I prefer not to keep goats and sheep together, however many people do so successfully. Make sure they get separate grain/minerals (remember, sheep have low copper tolerance). My largest concern with keeping animals together is the size difference, most goats (or other breeds of sheep) are much larger and I don't want the sheep getting bullied.
Any advice on showing sheep? This will be my first year in the sheep project (I wasn't raised a stock show kid, unfortunately
) and though I've showed horses, dogs, cats, rabbits, alpacas, poultry and even a guinea pig in 4-H, I know nothing
about showing sheep.
I haven't done any showing at this point in time.

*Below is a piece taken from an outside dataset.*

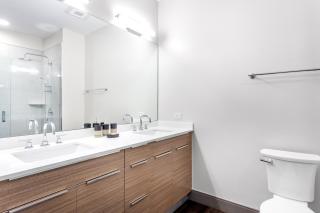 New build Sommerville 2BR w Rooftop WD in unit BOS-364 - Somerville - 2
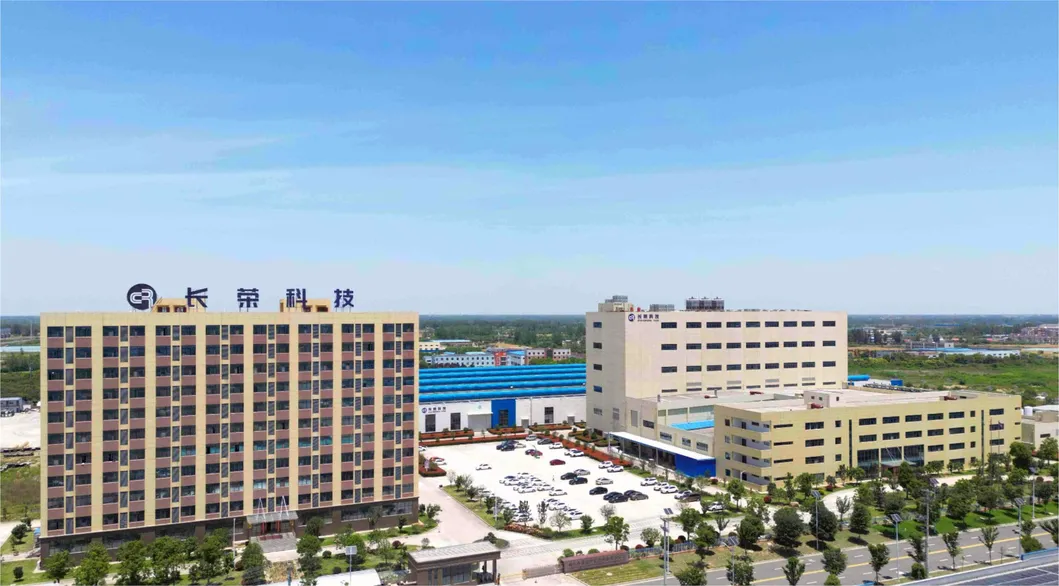 Factory Overview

As said, ideally you show Shetlands against other Shetlands. Unfortunately you need to be in the right niche for this. If you can't, at least try to show against other wool breeds. I don't know the details about how 4H works, but if you're against other meat breeds it's not really fair. Shetlands are known for excellent
meat but it is not their primary focus (they are multi purpose, but of course used primarily for wool these days) and they are small and slow growing and don't have the attributes looked for in "meat" breeds. I wouldn't make showing your primary focus. You want to show them with a decent amount of fleece, not close cut like the meat breeds. Showing is pretty much get them clean, fluff up the fleece, and go. There isn't any prepping the way you see for other breeds, they are pretty much au natural. Cutest thing EVER was a 10lb spotted ewe lamb on a stool
in a finals class with all the big guys. Typically you don't show them so small though lol. A GOOD Shetland judge looks at the sheep as a whole and primarily fleece, but a LOT of shows just have "sheep" judges not "Shetland" judges and they will be judged from a "meat" point of view, but as long as they are all the same breed it is what it is.

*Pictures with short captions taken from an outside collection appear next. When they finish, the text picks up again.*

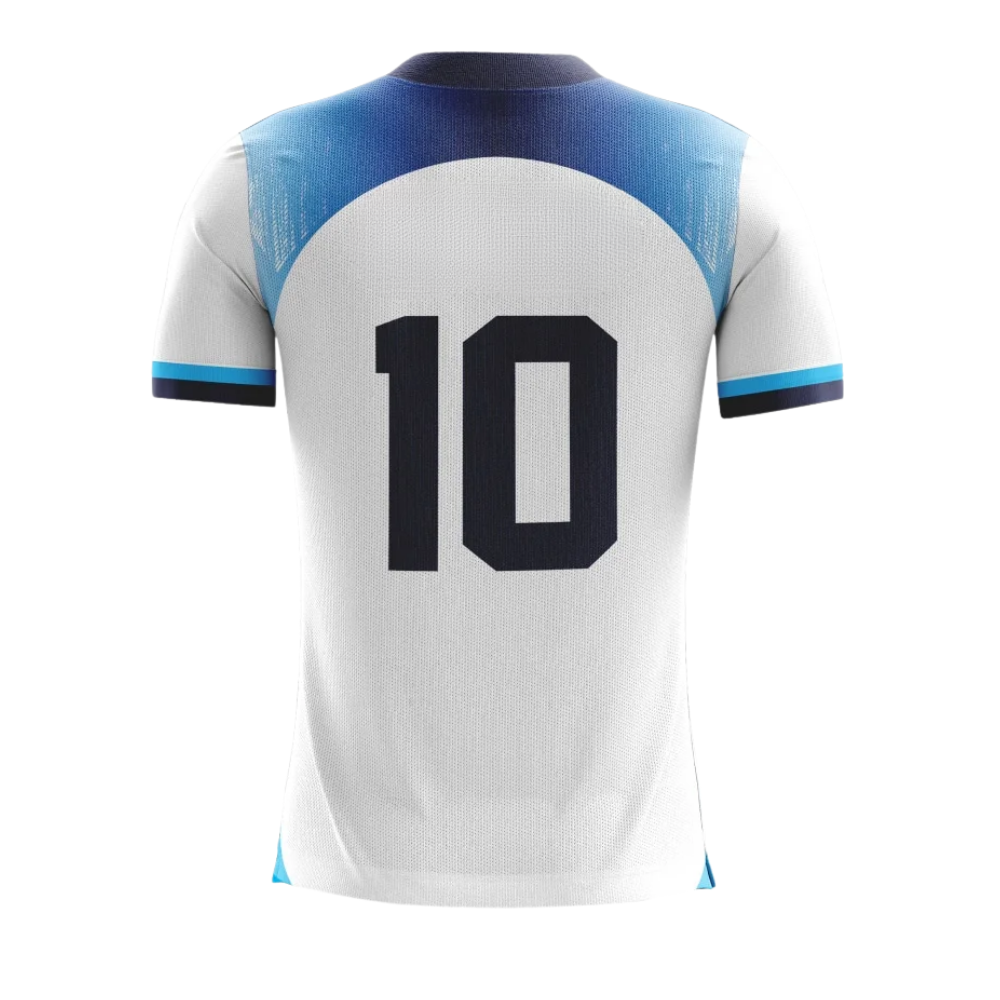 England Team Fan Football Jersey Wholesale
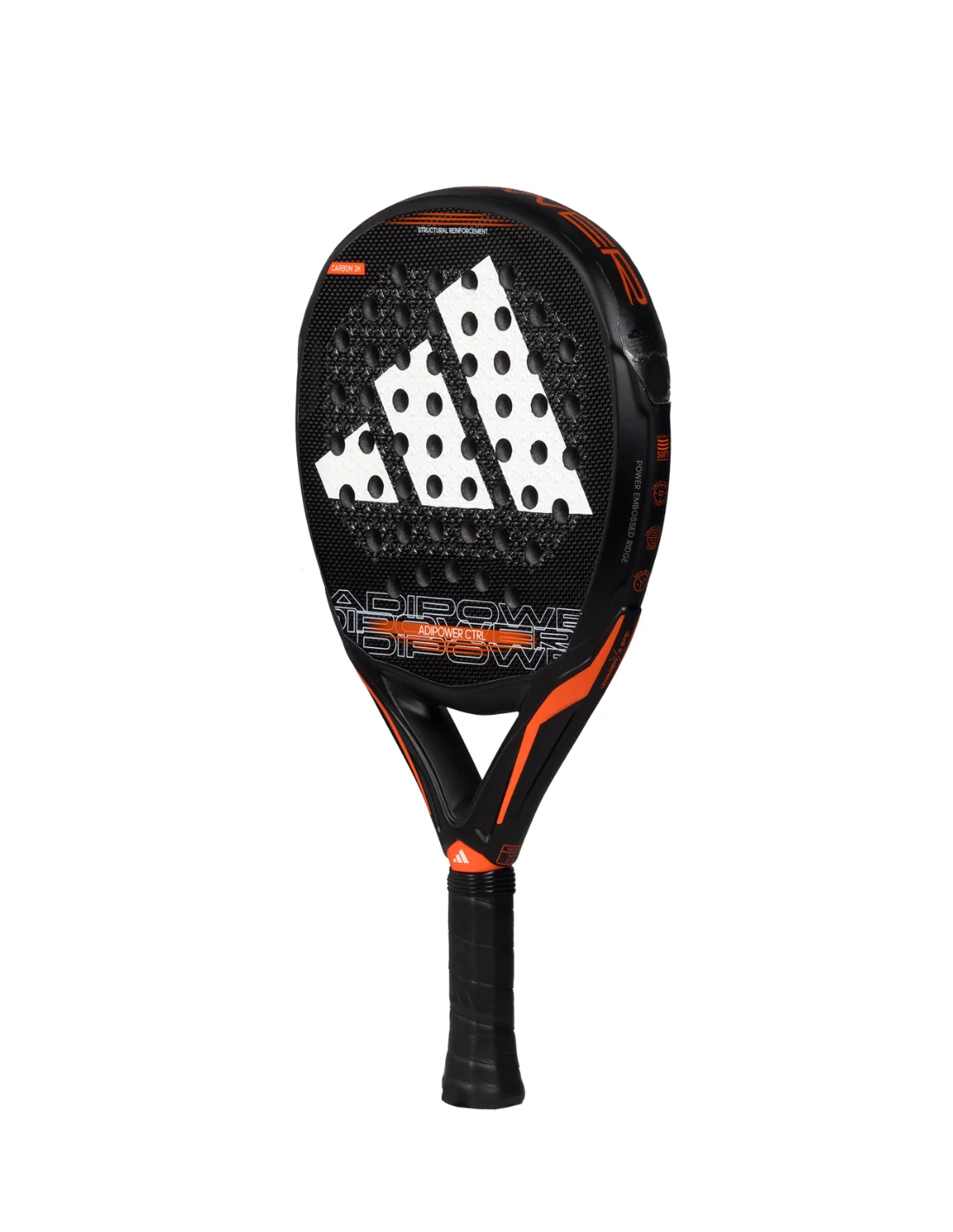 Adidas Adipower CTRL paddle 3.3 2024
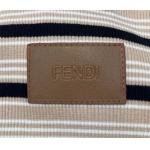 2026年10月11日秋冬新作Fendi半袖 tシャツ高品質人気の商品/ZZZ工場
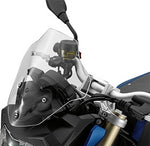 BMW F800R (15-) Tall Windshield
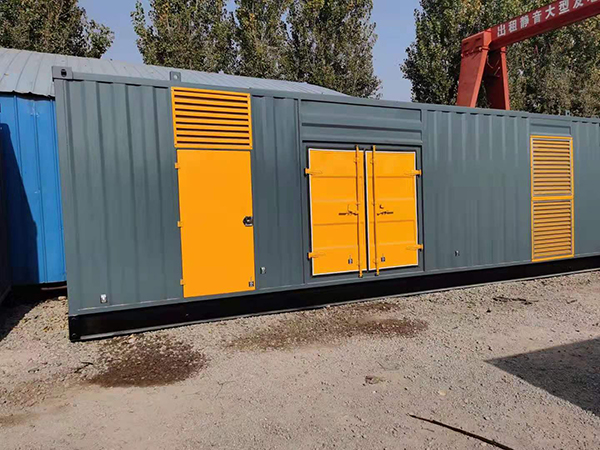 泉州签订发电机出租合同时需要注意的一些重要事项：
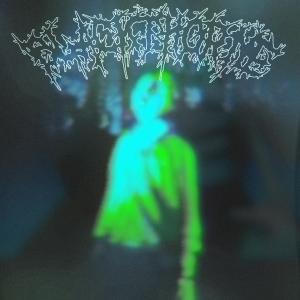 Blackthorne的專輯Mourning Hour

Has anyone ever milked sheep? I've heard it makes excellent cheese.
No, I haven't. I have several very milky ewes though, it could definitely be a possibility. Of course, if that is your focus you should go with a milk breed.

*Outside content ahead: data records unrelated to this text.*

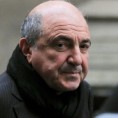 Борис Березовски нађен мртав 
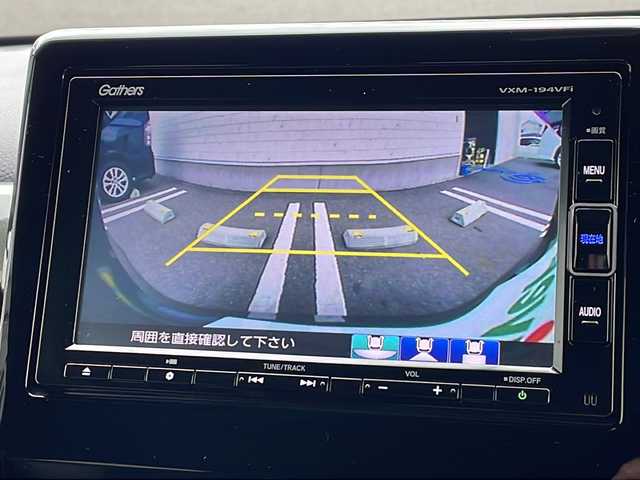ホンダ Ｎ ＷＧＮ カスタム Lターボ ホンダS 山形県 2020(令2)年 5.7万km シャイニンググレーM 〇純正ナビ/〇フルセグTV/〇バックカメラ/〇4WD/〇ターボ/〇ビルトインETC/〇ホンダセンシング/〇アダプティブクルーズコントロール/〇LEDヘッドランプ/〇オートライト/〇純正15インチアルミ/〇革巻きステアリング/〇パドルシフト/〇合皮コンビシート/〇シートヒーター/〇オートエアコン/〇スマートキーシステム/〇禁煙車
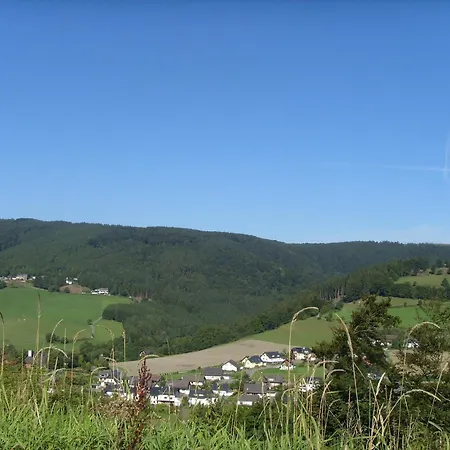 Bei Fuer Wintersport, Cleaning Included Apartment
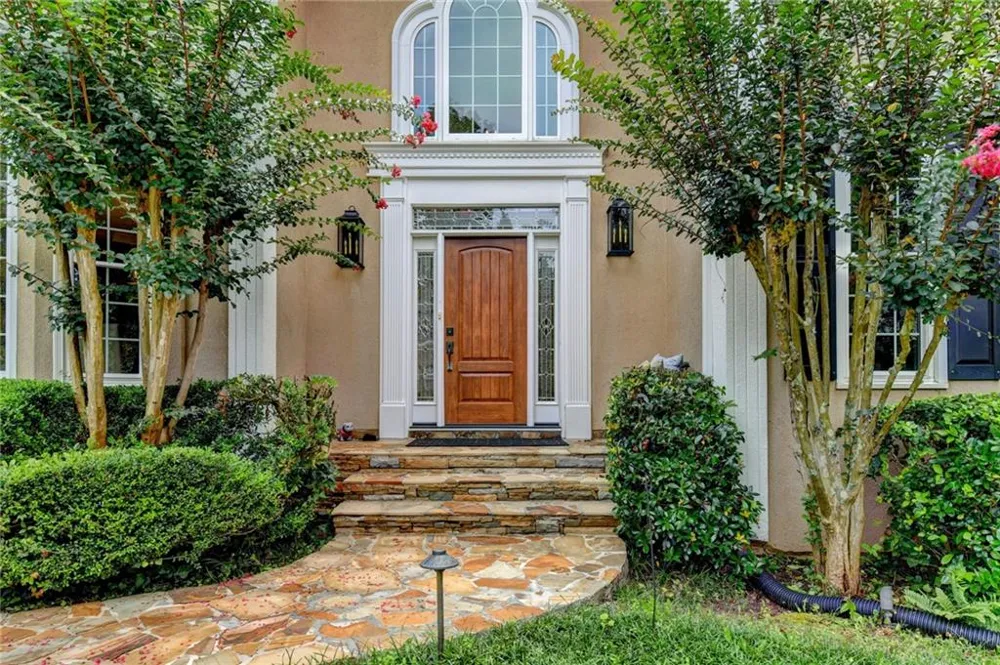 610 Turbridge Court Johns Creek, GA 30022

If anyone has Shetlands, about how much wool do you get from them?
Uh... I should know this... but I don't. I will say usually 2-4lbs doing some quick research. I'd say mine are probably on the heavier end of that, but there is a LOT of variety in the breed.
Also, does anyone know of a good way to introduce sheep/goats to horses? My two minis lived with goats before, but I'm not sure how my pony would do. They wouldn't live in the pasture with the horses but would sometimes be turned out there to help eat weeds down.
My sheep area is right next to the horses main paddock. I threw them in. Horses freaked. Horses got over it, lol. They are fine. They just need to get used to each other. The sheep didn't care too much. I would just try to keep them next to each other, yet separate until they get used to it. Make sure they are OK when you put them out together. We put ours in the pasture (supervised, no sheep fence!) sometimes and there is plenty of room and no one cares, they stay far away from the horses. We do watch carefully cause if they do get too close the one guy with go after them, but they pretty much stay away.
Any advice on sheep in general (but especially Shetlands) is greatly appreciated! Thanks!
Hope I helped! Feel free to PM me if you have any questions!!